You should connect GND, 5V and 3V3 to the appropriate pins on the pi. Then MOSI and MISO are also marked in the picture, SCK should connect to SCLK (this is the 10MHz clock which should be driven by the pi) and finally connect the CS pin to CS0 (Chip-Select, so you can connect 2 SD or other SPI-compliant devices).

According to the first reply on this thread, if you're running kernel version greater than 3.2.20 it should support the SPI hardware on the board and should give you 1MB/s throughput with little CPU load, which is impressive.

If your kernel is of a higher version but is compiled without SPI device support you should recompile it with an appropriate configuration (see the mentioned thread again).

  • 3
    Thanks for this answer! But 1 MB/s is far too low (compared to a USB reader), and for my project, I need to load 100MB in a very short time (this is possible from RPi microSD reader, possible from a USB SD card reader, so I need the same from this PCB SD reader)
    – Basj
    Commented Mar 30, 2015 at 6:58
  • You won't see a faster rate with this SD reader and the pi combination. 1MB/s is achieved utilizing the specialized SPI interface hardware on the pi. If you use any other GPIO connectors you'll have to implement it with the CPU, achieving far lower rates, around 180KB/s. If you need faster rates, use a USB reader as others suggested, which as I recall got me around 4MB/s but maybe others can give more precise numbers.
    – Egal
    Commented Mar 30, 2015 at 9:43
  • 2
    Arghh... So sad we can't get more than 1MB/s with this reader. Is it possible to turn this reader into a USB SD reader (with additionnal components?)
    – Basj
    Commented Mar 30, 2015 at 10:37
  • 2
    You can get a module that handles SPI (and other protocols) to USB like thie one for about $20: digikey.co.il/product-search/en?v=768&mpart=VA800A-SPI But I wouldn't go that way. I didn't read the spec so I don't know if the module identifies itself as Mass Storage class, or some other more generic USB class in which case you'll need to wrap it with your own driver. It'll be MUCH easier to get a simple USB SD card reader.
    – Egal
    Commented Mar 30, 2015 at 19:43
  • 2
    Sure, but I need a USB SD card reader that can be mounted on PCB (not only for me, but my project samplerbox.org will be opensource, so I want that it's easy for anyone to source the components)
    – Basj
    Commented Mar 30, 2015 at 20:54

An excellent blog post tutorial has been posted here:


Please review that detailed posting for a complete answer to connecting your SD card reader to the Pi.

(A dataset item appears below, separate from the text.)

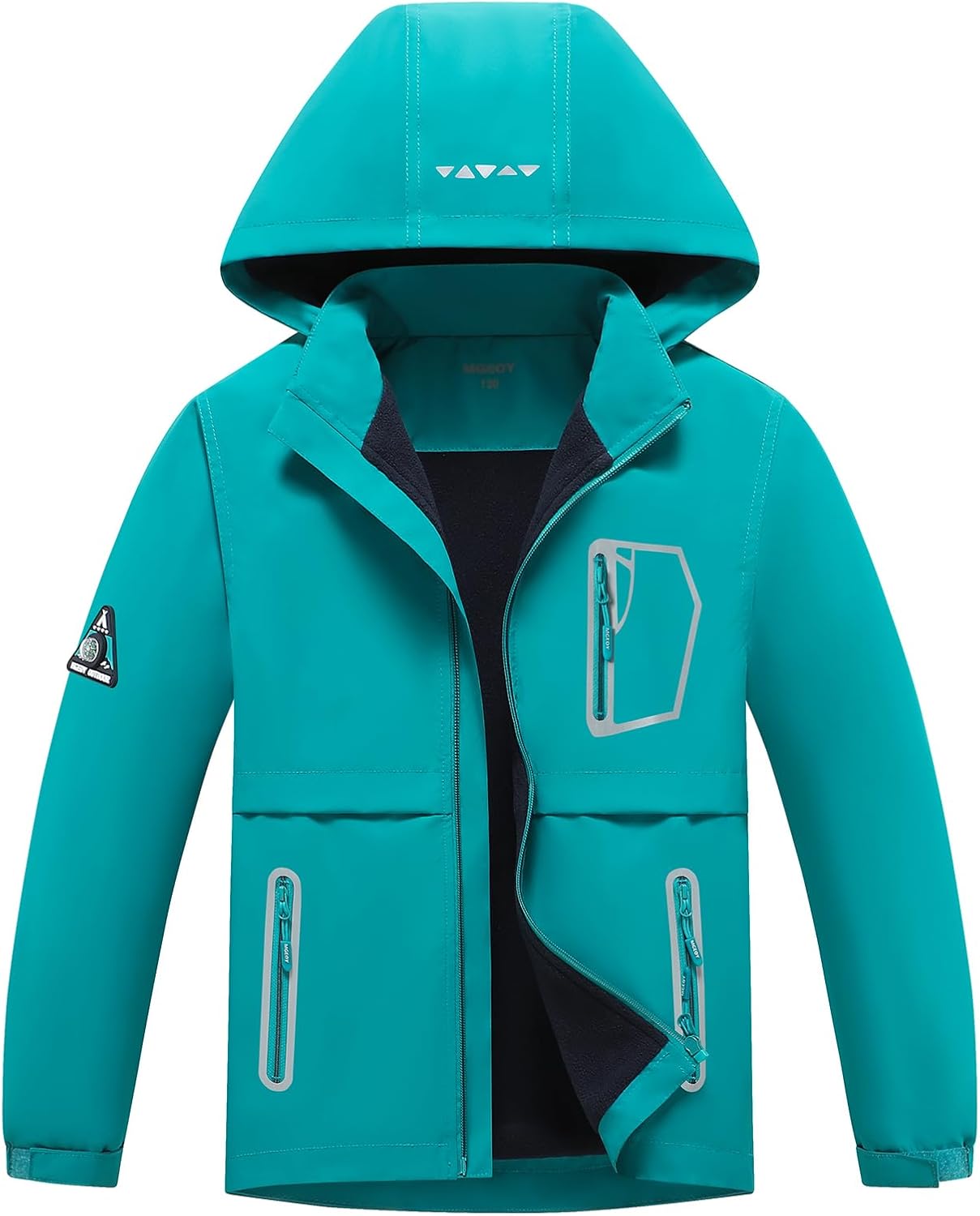 MGEOY Boys Girls Rain Jacket Lightweight Waterproof Hooded Coat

There is a companion You Tube video available here:


  • Cool article indeed. I just looked quickly, is there something about transfer rate @Kolban ?
    – Basj
    Commented Jul 28, 2017 at 22:42

Without knowing much about the card reader itself, I will give the best answer I can.

The reader seems to have markings on it next to the GPIO pins. Connect them to the corresponding pins on the RPI using some female-female jumper cables (or a more permanent method for your application). If they do not have a corresponding pin, attach them to a free pin on the pi and take note of it.

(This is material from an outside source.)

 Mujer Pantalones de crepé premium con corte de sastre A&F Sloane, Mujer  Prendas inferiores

The API for the reader may need some extra configuring to allow file transfer through the other pins, but I cannot help you with this part.

Hopefully this should work!

  • I added the pins labels and photo in the question. Is it possible to go from these pins to GPIO or to USB ?
    – Basj
    Commented Mar 29, 2015 at 18:51

Based on your description of your need and visiting your project page, an alternative would be to make your RPi boot off a USB stick and use the internal card reader to accept cards from the user.

  • Thank you for your answer. It could be an idea, we need to think about it. Inserting/removing the microSD card might be too small / difficult for an every day use. For my project, I need it to be as handy as inserting/removing a SD card from a digital camera. I'll think about it... PS: could you add a link about "how to boot off a USB stick" on a RPi in your answer, for future reference?